Исследователь новгородских частных актов В.Ф. Андреев, связывая появление первых документов с возникновением собственности на землю, вполне резонно отмечал, что в ХII-ХIII вв. частный акт, "по-видимому, составлялся в исключительных случаях, представляя собой запись для памяти, служил как бы свидетелем передачи владельческих прав… Он не содержал имен свидетелей, не скреплялся печатью. Государство никак не вме-шивалось в сделки частных лиц. Поэтому во всех актах ХII-ХIII вв. в конце обязательно присутствует санкция-заклятье против возможных нарушителей. Составители актов призывали на помощь небесные силы, полагая, что только они могут предотвратить нарушение прав собственности, зафиксированные в письменном документе"37 .

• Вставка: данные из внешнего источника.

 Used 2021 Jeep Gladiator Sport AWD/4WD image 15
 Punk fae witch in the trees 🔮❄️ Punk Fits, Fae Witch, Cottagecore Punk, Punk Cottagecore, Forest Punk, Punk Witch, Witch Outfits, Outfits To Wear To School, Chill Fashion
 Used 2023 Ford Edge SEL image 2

Наблюдения В.Ф. Андреева, безусловно, применимы и при характеристике уставной грамоты 1289 г. Победу Мстислава Даниловича над берестьянами отнюдь не следует считать окончательной: судьба переменчива, татары не обязаны вечно поддерживать волынского князя. Княжеская власть пока еще не в состоянии справиться со всеми возникающими в земле конфликтами. Мстиславу Даниловичу остается надеяться на убедительность его обвинений против "коромольников" и заступничество небесных сил. Итоги наблюдения социальных реалий соседней с Галичиной Волыни имеют принципиальное значение, поскольку на рубеже ХIII-ХIV вв. происходит объединение обеих земель, и Владимир становится столицей Галицко-Волынского княжества.

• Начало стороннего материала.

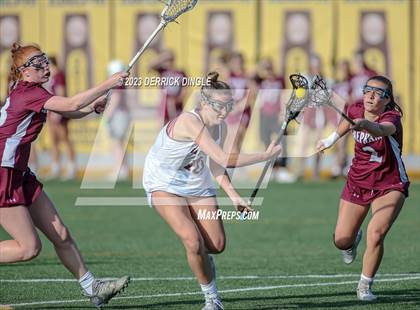 Thumbnail 1 in Garden City vs. Mepham (Class B Semifinal) photogallery.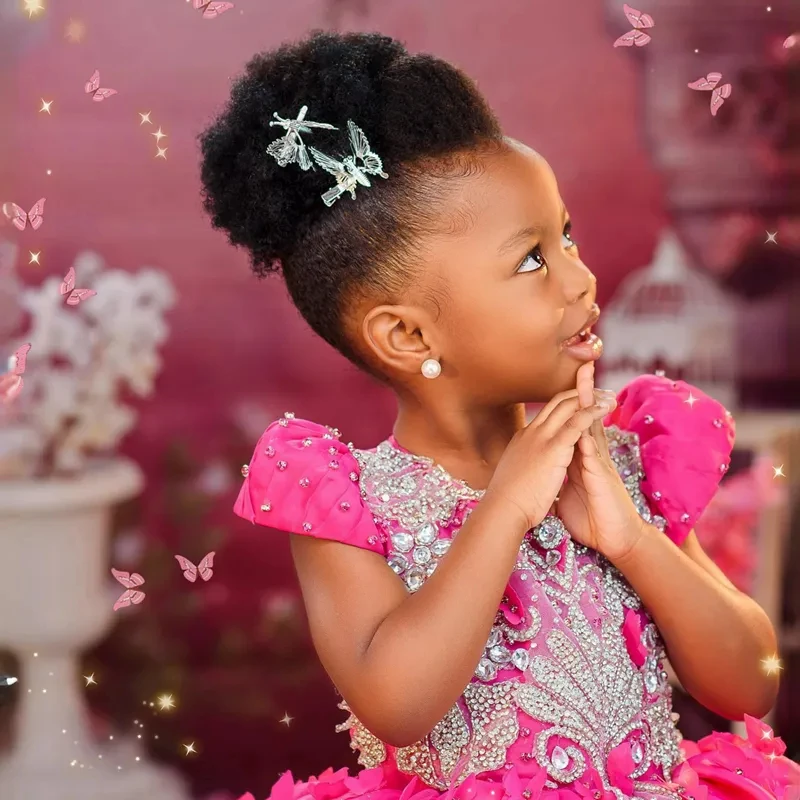 Abiti da ragazza di fiori fucsia lussuoso abito da ballo per bambini piccoli maniche corte cristalli Tulle a strati primo vestito da festa di compleanno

Первая половина ХIV в. - пожалуй, самый "темный" период в истории юго-западных русских земель. Как известно, Галицко-Волынская летопись обрывается на событиях 1292 г. О последующем времени могут что-либо сказать лишь десяток латиноязычных грамот-дипломатических посланий последних галицко-волынских князей, да несколько беглых замечаний в иностранных хрониках. Особенно скудны сведения о первой четверти ХIV в. Имя Льва Даниловича последний раз упоминается в датированной 1299 годом грамоте бережского наджупана Григория. Время смерти Льва и Мстислава Даниловичей нам неизвестно. Наследовавший им Юрий Львович становится правителем обширного Галицко-Волынского княжества. Свидетельство тому - латинские надписи на его печати, привешенной к грамоте Андрея и Льва Юрьевичей 1316 г.: "Печать господаря Георгия, короля Руси" (аверс); "печать господаря Георгия, князя Ладимирии" (реверс). По вероятному, но не поддающемуся проверке сообщению Яна Длугоша, Юрий Львович умер в 1308 г.38
В 1316 г. сыновья Юрия Львовича Андрей и Лев, ссылаясь на пример своих предков, заключили договор о мире и дружбе с Тевтонским орденом, обещая обеспечить защиту орденских земель от татар. 27 августа 1320 г. Андрей Юрьевич выдал две грамоты ратманам и всем жителям Кракова и Торна (Торуни). Стремясь к расширению внешнеторговых связей, он, "(зрелым) советом наших баронов и нобилей", снизил некоторые пошлины и обещал оградить купцов от злоупотреблений мытников и прочих княжеских должностных лиц. В грамотах также заявлено о намерении Андрея Юрьевича сохранить все права, какими "во времена счастливой памяти отца нашего в земле Руси" обладали иностранные торговцы.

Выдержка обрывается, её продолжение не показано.